Stormclouds of Karma

These days, we are in a much bigger picture, one where all harmful causes are ripening at lightning speed into a karmic maelstrom. We now absolutely know that the assumption of our right to dominate nature and her myriad beings is a root cause for the collapse of our living systems and is fast heralding our possible extinction.

Chan Master Hsuan Hua.
Courtesy of Thanissara.

Master Hsuan Hua, whom I’m grateful to for opening the Kuan Yin Dharmas, said if you want to know why there are wars, listen to the sounds at the slaughterhouse; the sounds, smells, and the agony of it all. He talked of the great dark cloud of karma from the killing of animals, and all the violence involved, that is oppressing the planet.

All is connected in our awakening reality. We are all deeply connected with every living being, plants, all of creation. The period of wilful ignorance, where we could be unconscious for a little bit longer, has ended. Perhaps then, the message to me is now the message to you. The consequences of our actions are catapulting back to us at blinding speed. So we have to pay attention.

To meet this reality is now our task. Every decision and action has consequences. In the midst of such urgency, Thich Nhat Hanh’s teaching “we are here to awaken from the illusion of separation” must now be our daily contemplation. A contemplation that is rooted in fierce compassion and expressed as dedicated action founded in harmlessness and service to Mother Nature and her myriad children, whatever form they appear in.

Adapted from a talk given November 7th, 2019 at the Dharma Voices for Animals benefit and Educational Day at Spirit Rock Meditation Center, CA.

Picture of Thanissara


Thanissara embodies the integration of the contemplative with the activist.
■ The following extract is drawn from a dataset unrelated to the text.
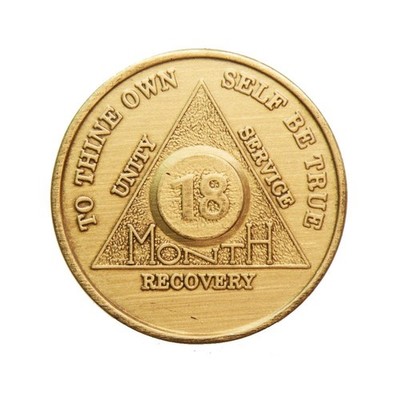 18 Month AA Medallion Traditional Style Metal Sobriety Chip Serenity Prayer B...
Trained in the Ajahn Chah Forest Tradition, she was a monastic for 12 years. She and husband Kittisaro founded Dharmagiri in South Africa where they integrated activism on AIDS with hosting Theravadan retreats. As senior teachers at Spirit Rock, Thanissara and Kittisaro later co-founded Sacred Mountain Sangha based in California. She has an MA in Mindfulness-Based Psychotherapy from the UK, and is author of several books, including Time to Stand Up: An Engaged Buddhist Manifesto for Our Earth — The Buddha’s Life and Message through Feminine Eyes.